(PROVIDED RECORDS)

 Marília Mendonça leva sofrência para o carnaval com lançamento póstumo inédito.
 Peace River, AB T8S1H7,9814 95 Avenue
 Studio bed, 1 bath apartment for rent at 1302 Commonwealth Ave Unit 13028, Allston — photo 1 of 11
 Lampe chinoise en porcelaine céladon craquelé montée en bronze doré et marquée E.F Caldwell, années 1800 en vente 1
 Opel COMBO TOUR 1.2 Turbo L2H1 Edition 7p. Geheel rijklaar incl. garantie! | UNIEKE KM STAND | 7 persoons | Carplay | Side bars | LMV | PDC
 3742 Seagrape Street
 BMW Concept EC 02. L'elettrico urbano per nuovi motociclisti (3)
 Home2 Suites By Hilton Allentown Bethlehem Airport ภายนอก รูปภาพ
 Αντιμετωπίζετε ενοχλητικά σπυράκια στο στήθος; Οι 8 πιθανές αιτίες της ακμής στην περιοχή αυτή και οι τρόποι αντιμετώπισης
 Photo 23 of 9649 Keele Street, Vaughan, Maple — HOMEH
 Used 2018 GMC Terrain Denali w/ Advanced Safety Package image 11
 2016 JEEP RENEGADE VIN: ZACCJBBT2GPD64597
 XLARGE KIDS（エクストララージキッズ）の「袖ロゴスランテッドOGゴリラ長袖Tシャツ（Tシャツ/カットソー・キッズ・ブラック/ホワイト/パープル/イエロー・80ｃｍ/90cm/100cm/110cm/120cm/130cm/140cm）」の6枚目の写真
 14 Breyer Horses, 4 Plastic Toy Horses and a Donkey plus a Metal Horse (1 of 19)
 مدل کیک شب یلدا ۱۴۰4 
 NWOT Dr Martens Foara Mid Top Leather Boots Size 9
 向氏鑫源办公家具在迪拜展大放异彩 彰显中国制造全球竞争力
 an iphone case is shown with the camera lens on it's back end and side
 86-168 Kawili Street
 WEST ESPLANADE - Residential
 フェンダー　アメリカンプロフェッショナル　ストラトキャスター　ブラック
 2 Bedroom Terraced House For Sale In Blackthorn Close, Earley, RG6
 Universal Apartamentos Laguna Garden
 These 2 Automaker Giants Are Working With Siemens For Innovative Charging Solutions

(PROBLEM) The answer should be the exact lines running from the line containing "an iphone case" to the last line of the entries, with nothing else.

(EXPECTED ANSWER)
 an iphone case is shown with the camera lens on it's back end and side
 86-168 Kawili Street
 WEST ESPLANADE - Residential
 フェンダー　アメリカンプロフェッショナル　ストラトキャスター　ブラック
 2 Bedroom Terraced House For Sale In Blackthorn Close, Earley, RG6
 Universal Apartamentos Laguna Garden
 These 2 Automaker Giants Are Working With Siemens For Innovative Charging Solutions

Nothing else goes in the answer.